If the job tracker fails manual intervention is required to restart the job tracker.
If the job tracker fails, new jobs will not be assigned to the reserve job tracker if it hasn't been configured.
The following example uses two analytics nodes with IPs 192.168.101.121 and 192.168.101.122. To enable the reserve job tracker follow these steps.
List the existing jobtracker using dsetool listjt:
$ dsetool listjt
Use dsetool movejt <node IP> to set the reserve job tracker on 192.168.101.121. Ensure you don't enable the reserve jobtracker on the node running the primary job tracker.
$ dsetool movejt 192.168.101.121
Setting 'reserve' JT to point to /192.168.101.121
Listing jobtrackers with dsetool listjt should now show two job trackers:
$ dsetool listjt
Reserve-JT = 192.168.101.121
NOTE: There is a known issue JIRA DSP-2627 that prevents the job tracker switching to reserve job tracker which is fixed in DSE 3.2.2 onwards.
You will also need to ensure your dse_system keyspace is replicating with everywhere strategy. On an Analytics/Hadoop node, this keyspace contains information about the location of the job tracker. If only a single node contains the job tracker replica, other nodes cannot find the job tracker when that node is unavailable for some reason. For more information see this link under 'Changing replication settings'. You can check whether keyspace dse_system is replicating with everywhere strategy by querying system.schema_keyspaces table.

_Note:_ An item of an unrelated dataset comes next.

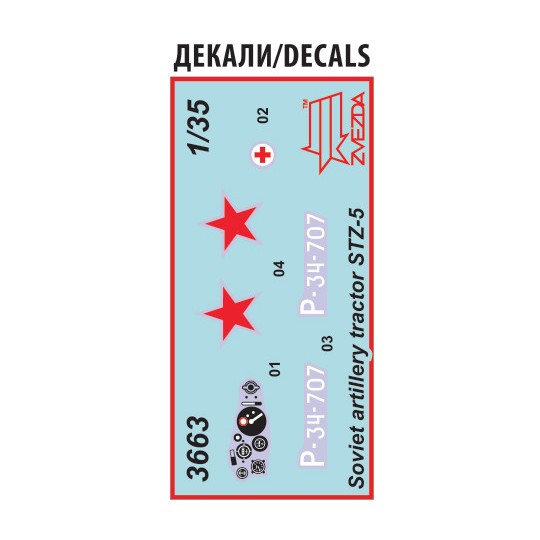 Z3663-Artillery Tractor Truck STZ-5 1/35 Zvezda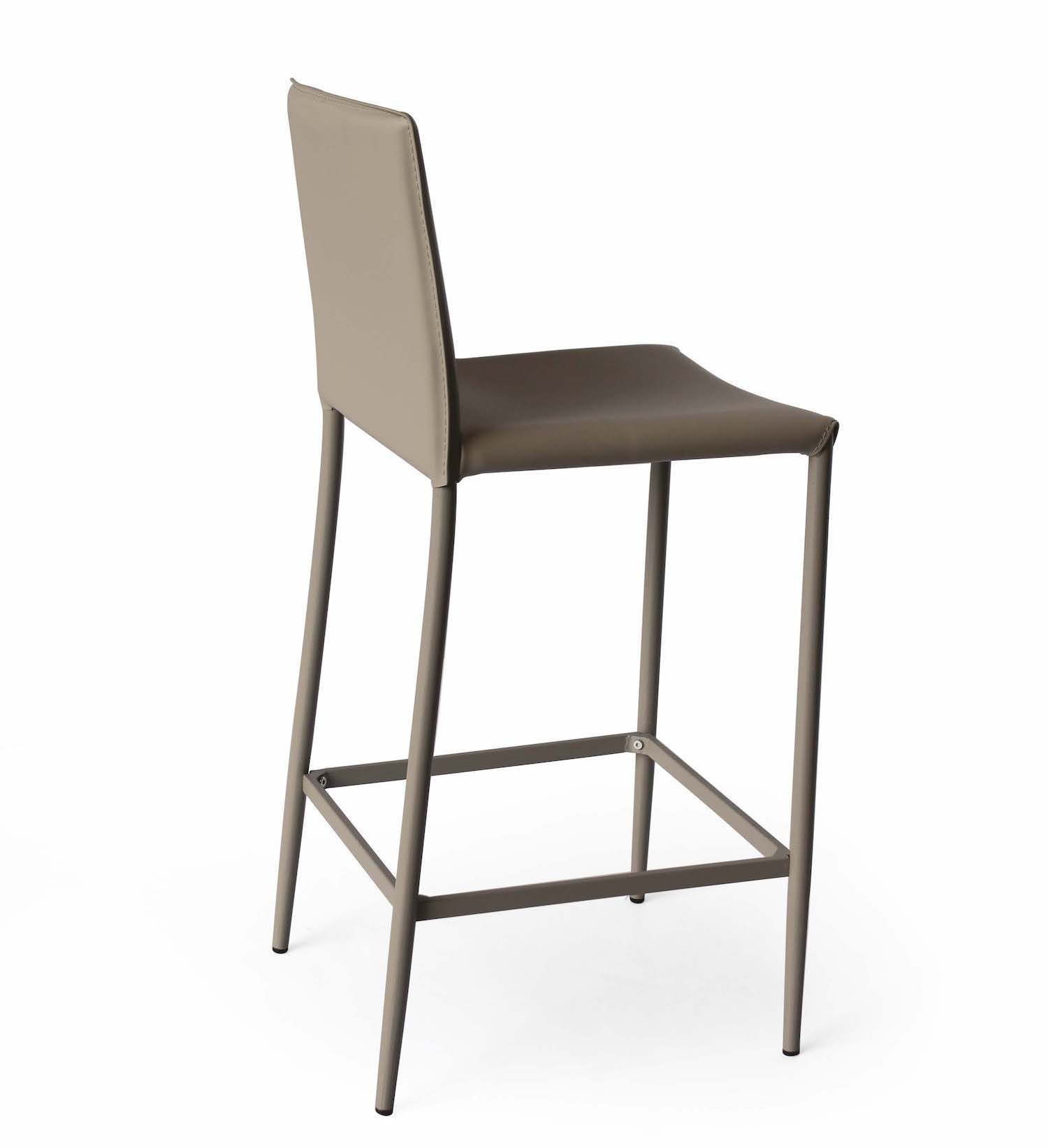 Coppia sgabelli da cucina moderni in simil cuoio Zalia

In summary, to setup high availability with a reserve jobtracker you'll need to upgrade to DSE 3.2.2 or later, then follow the steps provided above to set a reserve job tracker. After taking down the primary job tracker you will need to exit and reopen your client (for example hive) session or restart the server for changes to the job tracker to be picked up. Old jobs will need to be cleared out as only new jobs will be submitted to the active job tracker.